Secondo lei questi passi falsi da cosa dipendono? formazione, mentalità?
Non penso esista una sola risposta giusta per questa domanda. Nel mio libro “Why Smart Executives Fail”, spiego che gli errori sono fatti per i seguenti motivi: le mentalità, i meccanismi di protezione e gli atteggiamenti deliranti, breakdowns nei processi comunicativi, ecc; e riassumo il tutto in sette abitudini che portano all’insuccesso. La mentalità è un fattore importante – a causa della propria mentalità, i dirigenti spesso spingono la loro società in una direzione completamente sbagliata o non riescono a ristrutturarla come si dovrebbe, perché commettono un errore fondamentale nel modo in cui stanno valutando le opportunità e i problemi del proprio business. Inoltre, percepiamo che gli amministratori delegati sono sulla buona strada del fallimento quando iniziano a ignorare i problemi, e non osano porsi le domande più difficili.

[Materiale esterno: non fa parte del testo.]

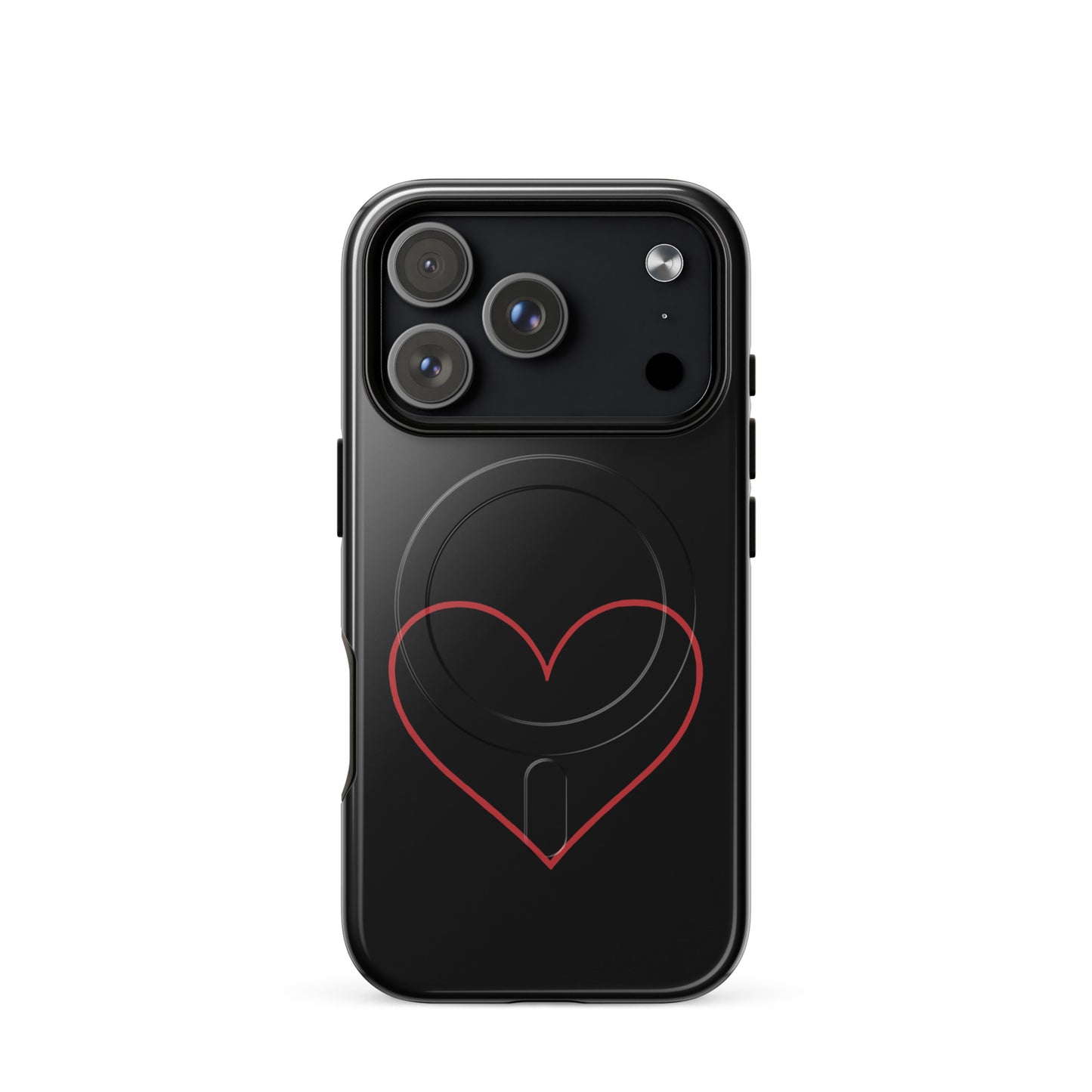 Magnetic Phone Case for iPhone featuring minimalist crimson heart design on sleek black background.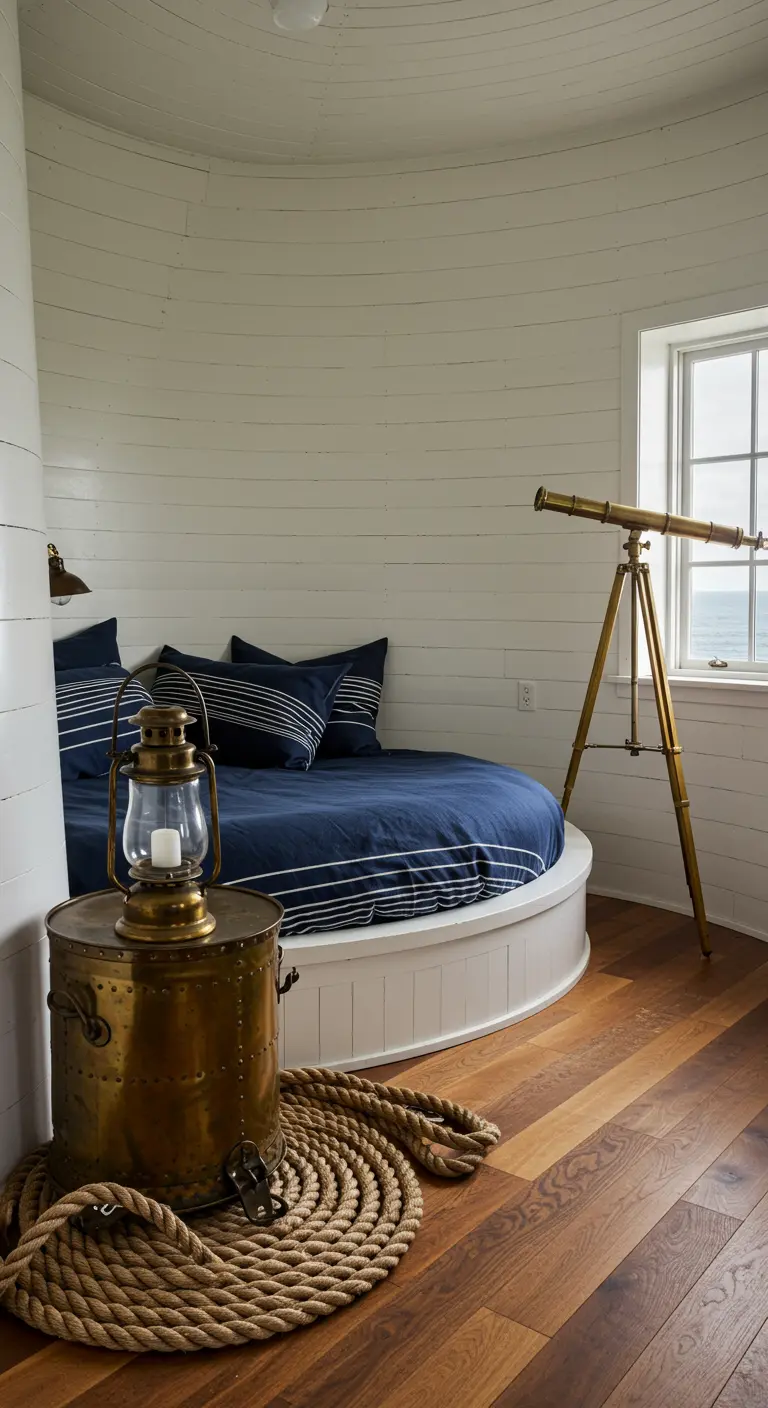 Circular bedroom in a lighthouse with a round bed, a brass telescope, and a coil of rope.
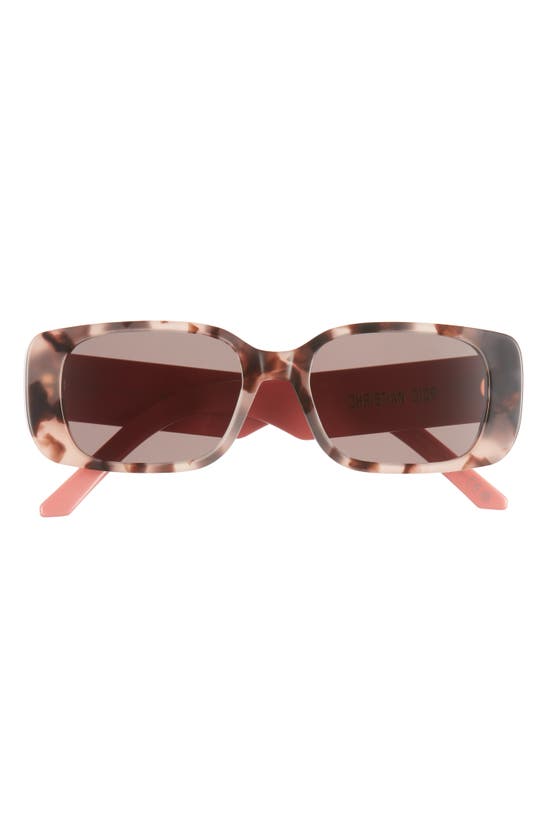 Dior Wil S2u 53mm Rectangular Sunglasses In Red Havana / Smoke
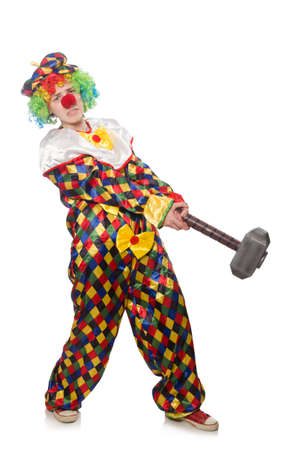 Clown with hammer isolated on whiteの写真素材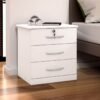Mesa de Cabeceira 011 Luxo Branco 3 Gavetas Larg. 0.45m - JL Móveis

In che modo è possibile evitarli?
Nella mia ricerca, ho individuato cinque segnali di pericolo da tenere sott’occhio. In primo luogo, le aziende con un successo uniforme e costante, che ad un tratto mostrano una serie di atteggiamenti deliranti, sono pronte per il possibile fallimento. In secondo luogo, le aziende che hanno avuto successo sul loro mercato e servono da pubblicità per coloro che vogliono immettersi nello stesso settore d’attività: in mancanza di potenti barriere all’ingresso, le nuove aziende andranno un pò più lontano che gli operatori storici. In terzo luogo, il successo genera l’arroganza, quindi le società devono sforzarsi di rimanere pensatori critici continuando a porsi domande difficili. In quarto luogo, è facile abbassare la guardia quando tutto va bene e il business è al suo massimo, ma i profitti non impediscono ad una società di navigare direttamente nell’occhio del ciclone. Infine, il successo ha un suo apice che è molto difficile da mantenere. L’amministratore delegato non può riposarsi sul momento di gloria, e deve costantemente rivalutare e ripensare i propri business plan.

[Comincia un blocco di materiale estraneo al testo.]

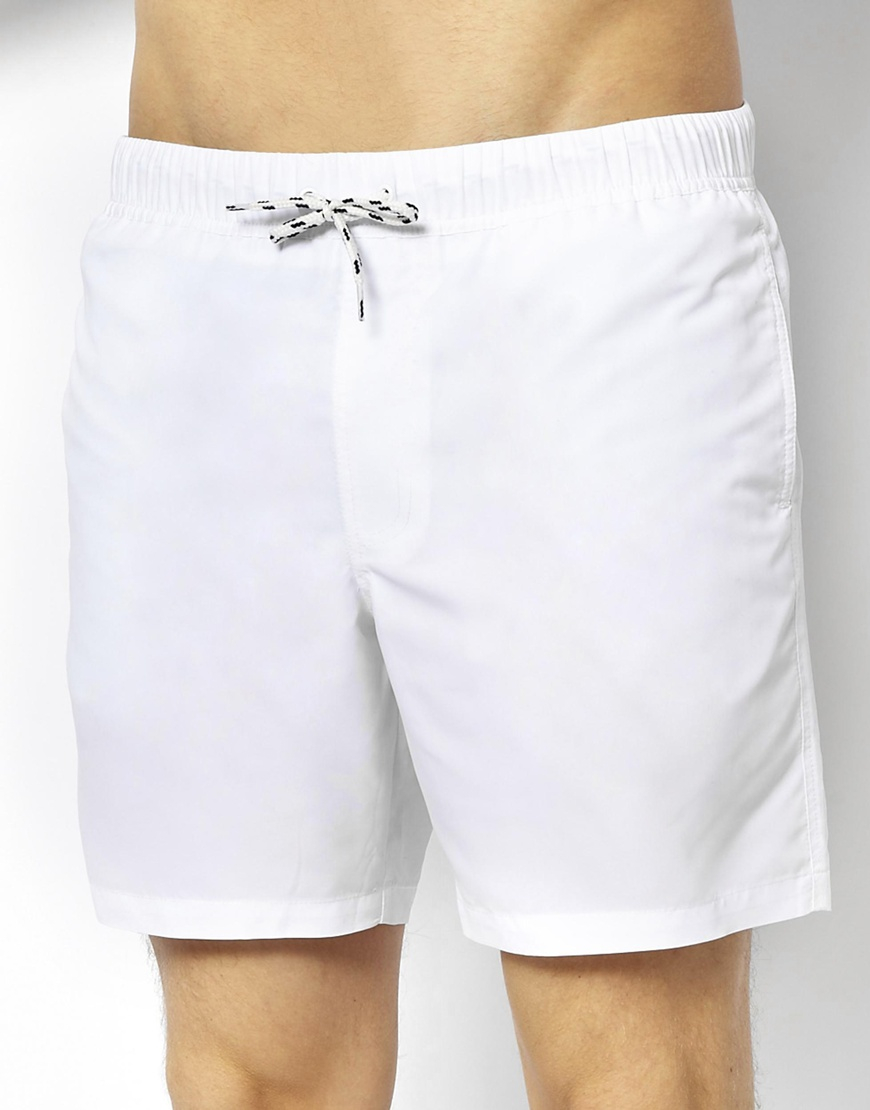 Lyst - ASOS Swim Shorts In Mid Length in White for Men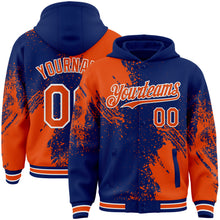 Charger l'image dans la galerie, Custom Royal Orange-White Abstract Brush Stroke 3D Pattern Design Bomber Full-Snap Varsity Letterman Hoodie Jacket
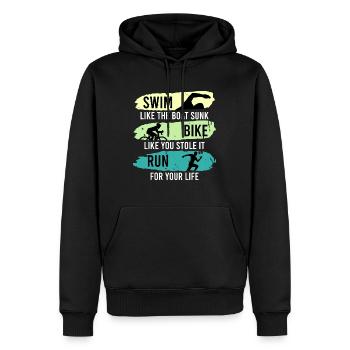 Triathleten Spruch Schwimmen Rad fahren Laufen - Männer Premium Bio Hoodie - Schwarz - Vorne - Nico (187cm)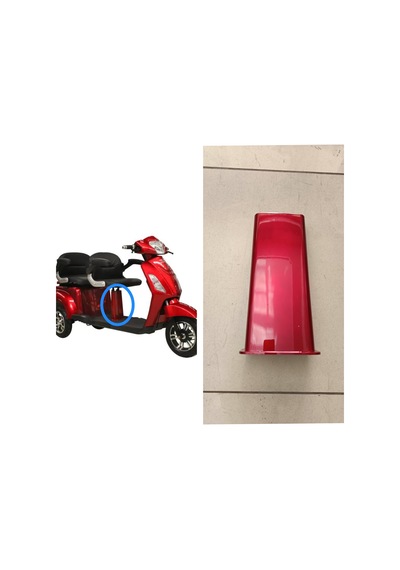 3 Tekerlekli Elektrikli Motor Ön Koltuk Altı Grenajı Kırmızı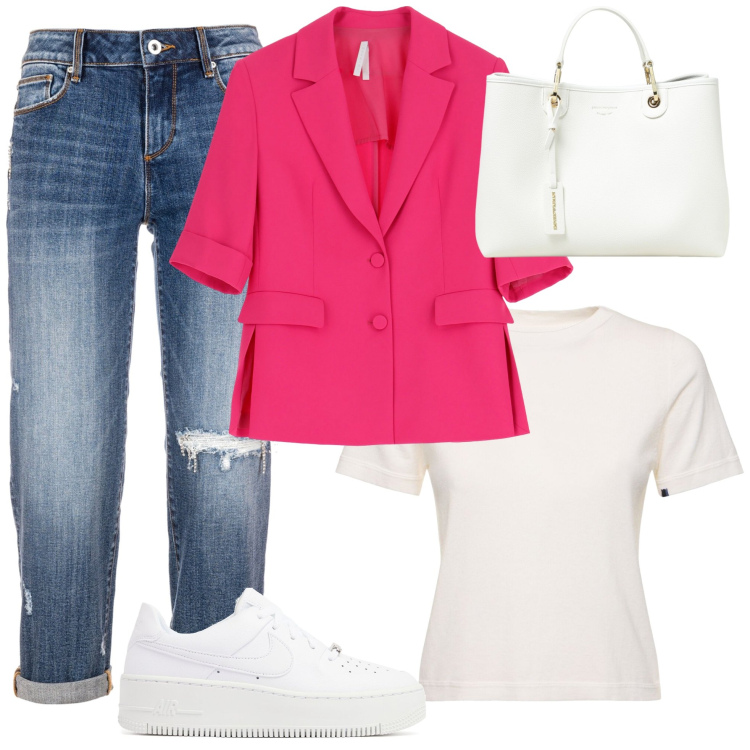 Outfit donna - Total look #1921743. Stile Casual per Tutti i giorni. Abbinamento con jeans strappati, blazer, t-shirt, sneakers, borse a mano.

Come è cambiata, secondo lei, la figura del dirigente in questo particolare periodo economico finanziario? I manager sono più sensibili all’errore durante una grossa crisi?
Ci sono sempre stati errori manageriali, e ce ne saranno sempre di più. L’importante è quello che i leader fanno una volta che l’errore è stato commesso, per cercare di risolverlo il più velocemente possibile. Per quanto riguarda la crisi, gli errori sono stati più grandi – più denaro in gioco, e l’importanza nell’economia – ed erano multipli – dagli istituti di credito che vendevano mutui ad acquirenti che non avrebbero mai potuto rimborsare i prestiti, alle autorità di regolamentazione inefficaci, alle agenzie di rating particolarmente incompetenti, e naturalmente da molte banche di tutto il mondo che o non hanno capito il rischio che stavano prendendo con i mutui subprime o hanno semplicemente scelto di farlo perché ci guadagnavano.

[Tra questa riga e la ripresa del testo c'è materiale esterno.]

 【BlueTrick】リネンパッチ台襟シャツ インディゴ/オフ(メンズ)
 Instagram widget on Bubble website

Internet e i New media hanno condizionato e condizionano tuttora molto la società. Come hanno influito questi nuovi mezzi sul ruolo del CEO?
In virtù del suo status elevato, ciò che prima era un metodo di comunicazione per gli studenti e le università, ora è un fenomeno che richiede attenzione. I Social media hanno un forte valore aggiunto, ma rappresentano anche un rischio se le informazioni diffuse non sono accurate o non riflettono la vocazione e la missione di un’azienda. Questo è particolarmente vero quando si tratta di clienti, che hanno molti più modi per esprimere il loro parere su come una società li ha trattati. Per gli amministratori delegati, che non appartengono alla generazione cresciuta nell’era di Facebook, questo rappresenta una grande sfi da, e so che molti di loro sono seriamente preoccupati per la gestione di questa sfi da in modo efficace.

I due gradini più alti del podio di questa lista nera sono occupati dai dirigenti di due aziende che si occupano di tecnologie, un settore che forse più di altri deve fare i conti con l’obsolescenza. Quanto secondo lei ha influito la velocità dell’innovazione tecnologica sui “fallimenti” dei manager in lista?
Le principali aziende IT a livello mondiale sono tra le aziende in più rapida crescita e più importanti del mondo, e questa accelerazione è avvenuta solo negli ultimi 5 anni. E’ naturale considerare questo settore per il peggio, ma anche per il meglio. Siccome l’industria IT è così dinamica, con l’evoluzione tecnologica legata fortemente a ciò che accade quotidianamente, questa richiede CEO più dinamici e flessibili. La posta in gioco è più elevata nell’IT proprio a causa di ciò. Inoltre, la tecnologia non è una piccola componente dell’economia, ma uno dei due o tre settori piloti più importanti della crescita economica (insieme con il settore dell’energia e della salute).

Ci sono quindi settori dove è “più facile” essere un dirigente?
No – la gestione è la gestione, indipendentemente dal settore. E questo è vero sia che si parli di profit o non-profit, governativo o aziendale, in Europa o in Asia. Non è facile essere un buon manager, perché la sfida di motivare e smuovere un gruppo di persone per lavorare al fine di ottenere un obiettivo comune è sempre difficile, e sempre importante.

Quali saranno secondo lei le qualità del manager del futuro?
I quadri superiori oggi sono spesso, anche se non sempre, più qualificati rispetto al passato. La ragione principale di ciò è la globalizzazione del mercato per quanto riguarda i talenti professionali. Abbiamo già visto amministratori delegati inglesi e americani in aziende giapponesi, indiani CEO di aziende americane, ecc. Con un pool di talenti più ampio, che continuerà ad espandersi con l’apertura sempre più importante della Cina, è logico che la qualità dei manager ai vertici saranno sempre migliori. Detto questo, credo veramente che la caratteristica individuale più importante dei grandi manager sia la capacità di adattarsi in tempo reale al cambiamento. Ci sono tanti motivi per cui i manager e le aziende da essi condotte considerano importante lo status quo, ma il meglio che un leader puo’ fare è capire che il cambiamento non è solo parte della realtà, ma è una necessità. Adattabilità a fronte di eventi imprevisti, questo è il segno distintivo dei più grandi manager.